China’s real-estate market is showing signs of a revival, at least in the top cities of Shanghai and Beijing. However, other signs suggest prices aren’t likely to recover across China for some time to come.

Average home prices ended nine months of declines with a 0.05% rise in June to 8,688 yuan ($1,375) per square meter, according to the China Real Estate index system, according to China’s Time Weekly magazine.

Signs of a recovery were more robust in Shanghai where home sales increased 30.7% in total area, and 11% in terms of value, according to private realty monitors. In Beijing the number of apartments sold rose 10.5% in June over May or a hefty 50.6% surge over the same month of 2011.

Prices are also recovering, at least in these cities. Beijing’s new home prices rose 2.2% in June over the same month of 2011, up slightly from a 2.1% rise in May, according to China’s statistics bureau. In Shanghai prices rose 2.2%, up from 1.4% growth in May.

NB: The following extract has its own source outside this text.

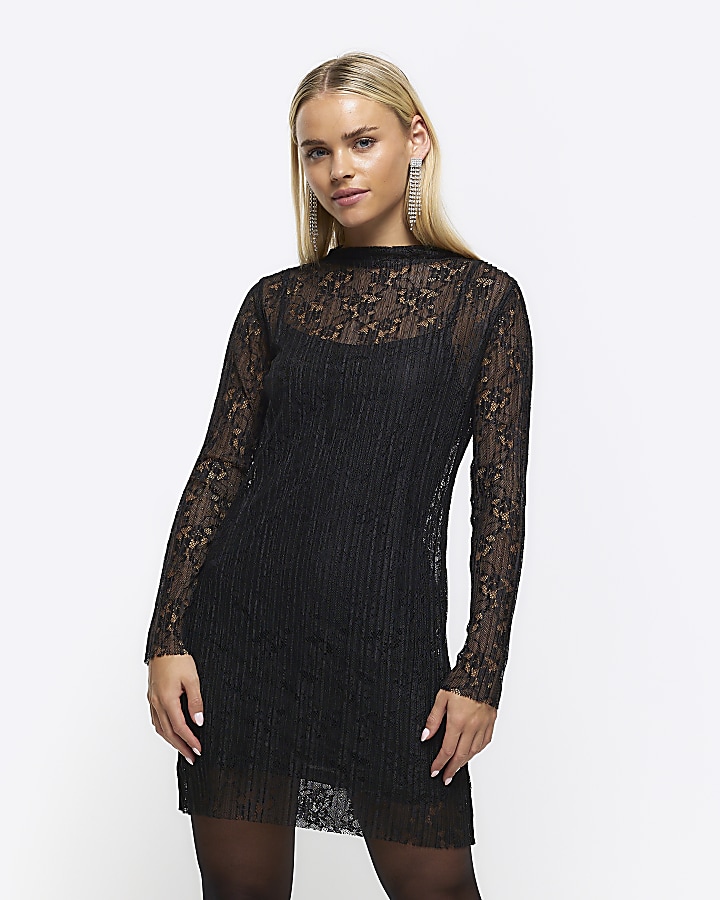 Black lace petite clearance dress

These increase are especially noteworthy in light of a statement by Premier Wen Jiabao July 7 that the central government wasn’t easing up on its policy of containing housing prices. His statement reinforced those made earlier by four major offices — the Banking Regulatory Commission, the central bank, the Ministry of Housing and Urban-Rural Development, and the National Development and Reform Commission.

Home prices are more likely to decline than to recover because as of the end of May the 13 leading cities in China have an unsold inventory of 780,000 houses representing a 29.6% jump over the same period last year, Time Weekly quoted Huang Tao, a manager with major real estate firm Centaline Property. At best the real estate market is stabilizing, said Huang.

In the first five months of this year real estate developers bought 18.7% less raw land than the same period last year, and the total size of houses under construction decreased 4.3%, said Zhang Hongwei, the head of realty consultancy Tospur.

“All these indicate a weak market,” he told Time Weekly.